**Problem:**
Leave out the pictures and output exactly the lines below from the one with "Зубная паста Colgate" down to the one with "はいふり写真館 19 03", both of them included.

--- Data supplied Enclosed Below ---

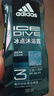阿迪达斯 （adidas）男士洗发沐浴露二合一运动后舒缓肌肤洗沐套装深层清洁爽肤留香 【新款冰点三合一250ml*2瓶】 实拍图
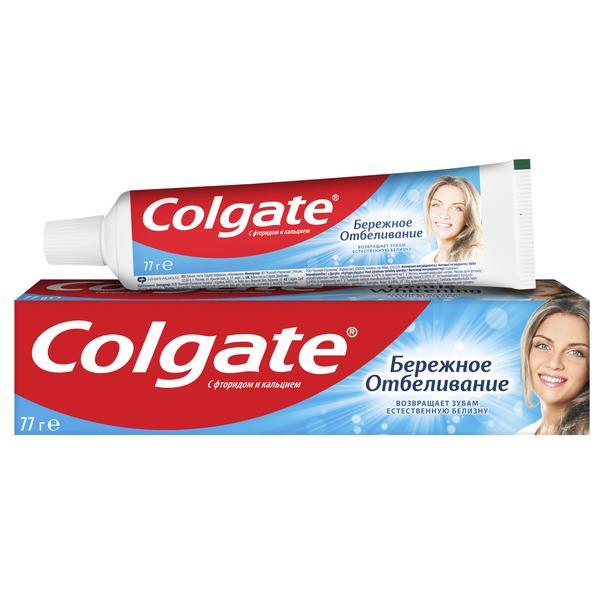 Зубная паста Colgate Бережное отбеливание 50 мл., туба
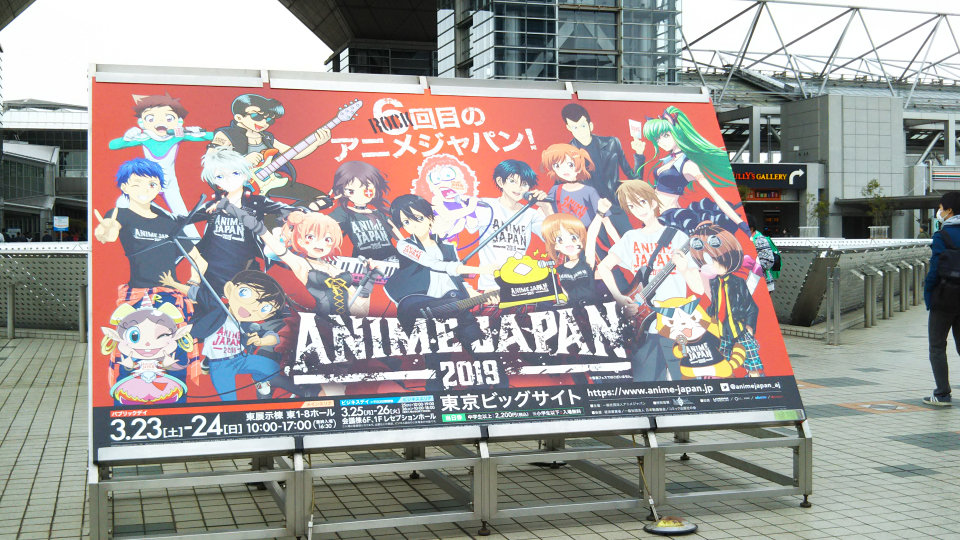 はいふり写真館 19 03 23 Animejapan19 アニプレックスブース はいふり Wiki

--- End of Enclosed Data supplied ---
--- Data supplied Enclosed Below ---

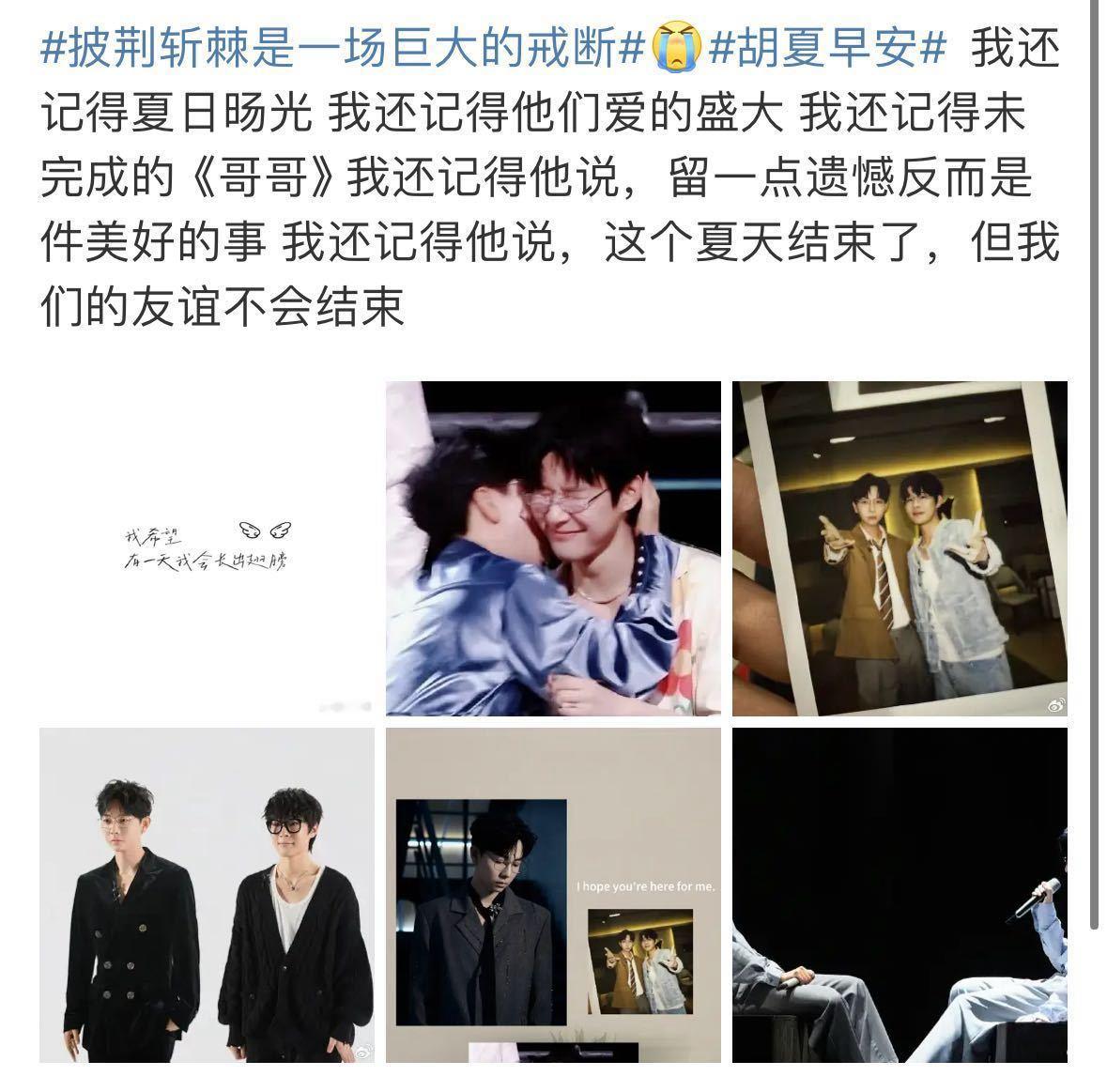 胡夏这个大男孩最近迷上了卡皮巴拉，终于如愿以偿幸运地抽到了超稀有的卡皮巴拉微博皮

--- End of Enclosed Data supplied ---

**Answer section:**
 Зубная паста Colgate Бережное отбеливание 50 мл., туба
 はいふり写真館 19 03 23 Animejapan19 アニプレックスブース はいふり Wiki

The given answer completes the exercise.